--- RECORDED DATA ---

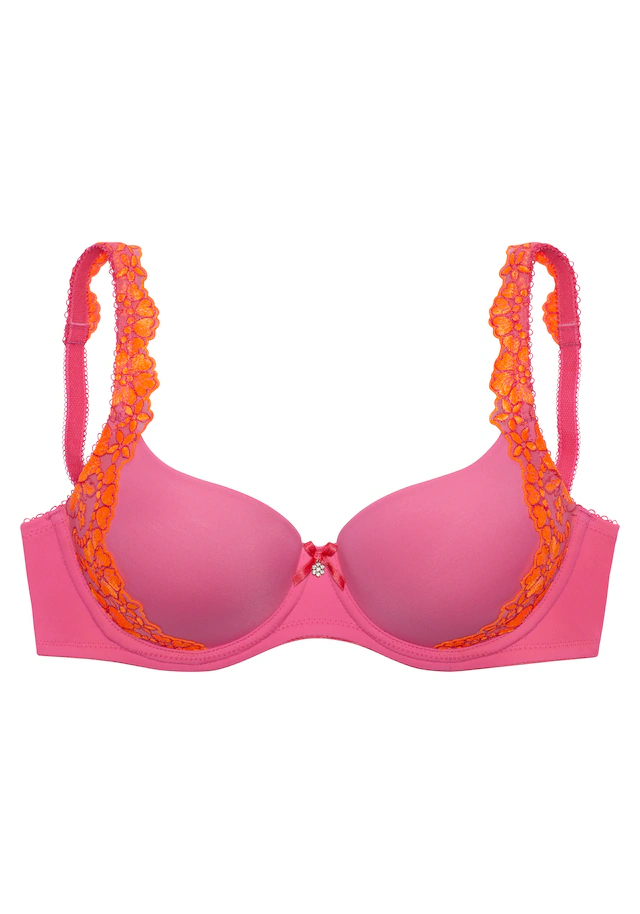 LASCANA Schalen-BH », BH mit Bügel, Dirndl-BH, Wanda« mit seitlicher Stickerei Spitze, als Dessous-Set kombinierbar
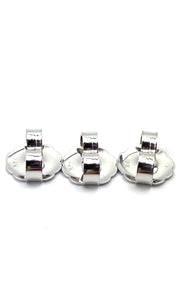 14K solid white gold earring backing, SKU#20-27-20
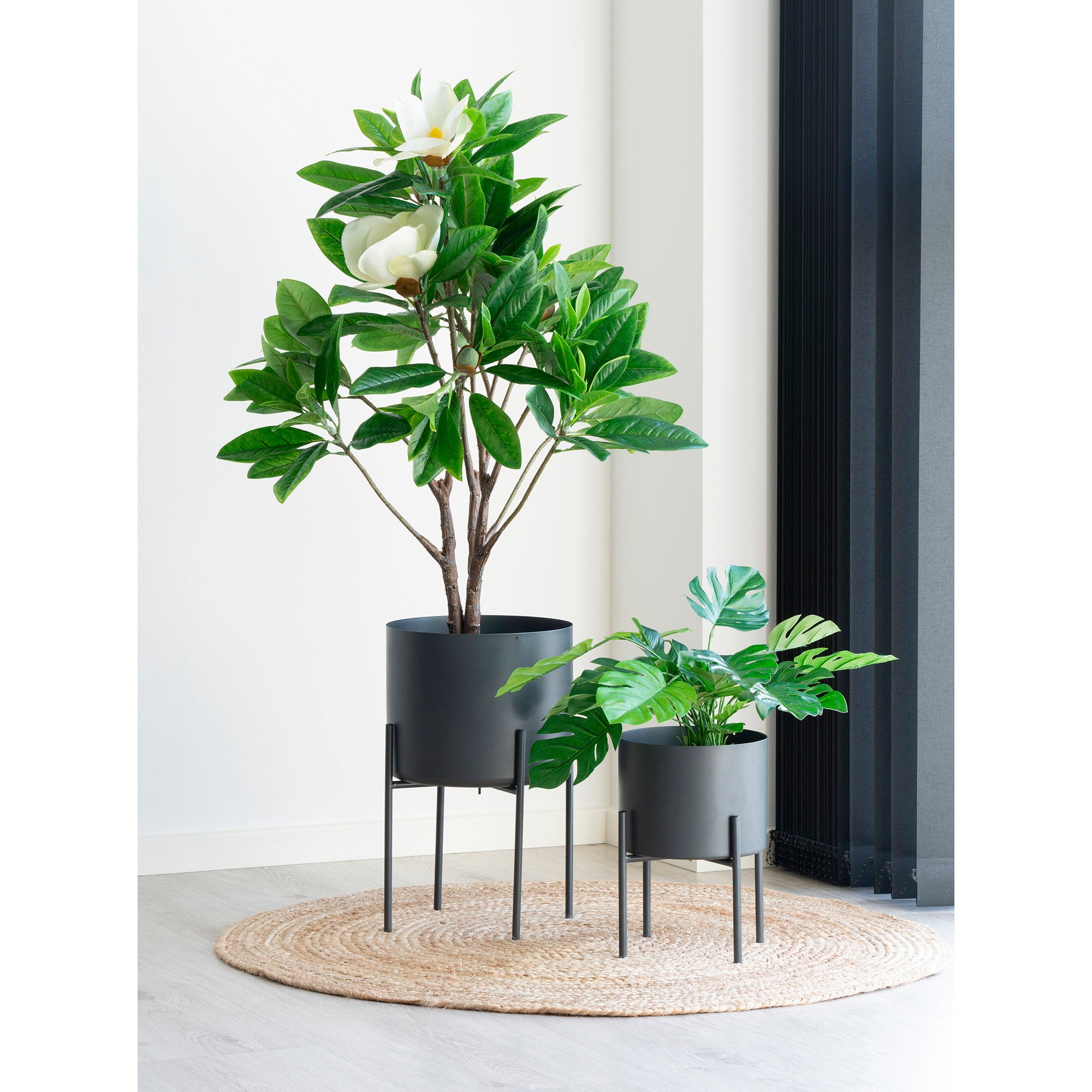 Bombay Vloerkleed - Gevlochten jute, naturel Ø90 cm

---

INSTRUCTIONS FOR THE TASK >>
Copy out all of the data word for word. Do not carry over any picture.

RESPONSE >>
 LASCANA Schalen-BH », BH mit Bügel, Dirndl-BH, Wanda« mit seitlicher Stickerei Spitze, als Dessous-Set kombinierbar
 14K solid white gold earring backing, SKU#20-27-20
 Bombay Vloerkleed - Gevlochten jute, naturel Ø90 cm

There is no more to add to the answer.